What you will do: Copy every line of the data exactly, keeping out any picture.

[Exercise data Boundary: Start]

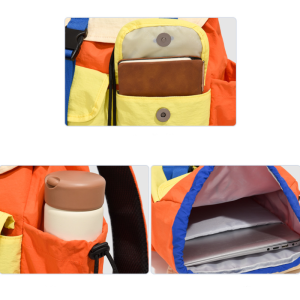 Sac À Dos Femme En Nylon Patchwork Multicolore Style Sportif h5 Image7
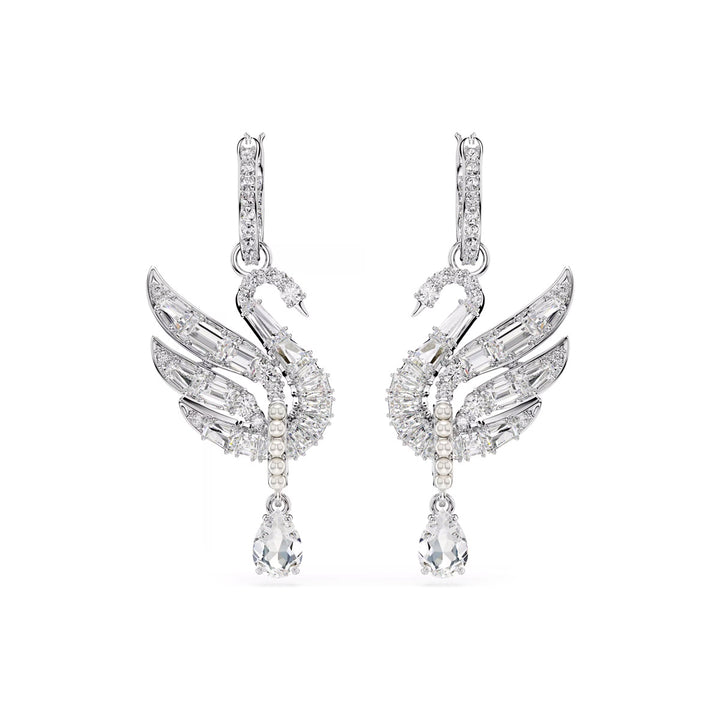 Swarovski Swan Vienna Ohrringe Schwan Weiss Rhodiniert - 5723388
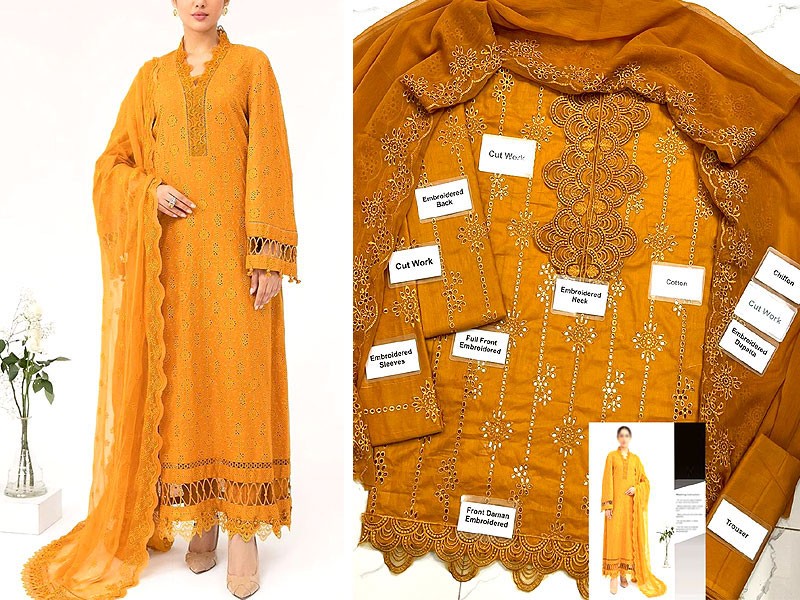 Luxury Schiffli Embroidered Lawn Dress with Embroidered Chiffon Dupatta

[Exercise data Boundary: End]

Result of this exercise:
 Sac À Dos Femme En Nylon Patchwork Multicolore Style Sportif h5 Image7
 Swarovski Swan Vienna Ohrringe Schwan Weiss Rhodiniert - 5723388
 Luxury Schiffli Embroidered Lawn Dress with Embroidered Chiffon Dupatta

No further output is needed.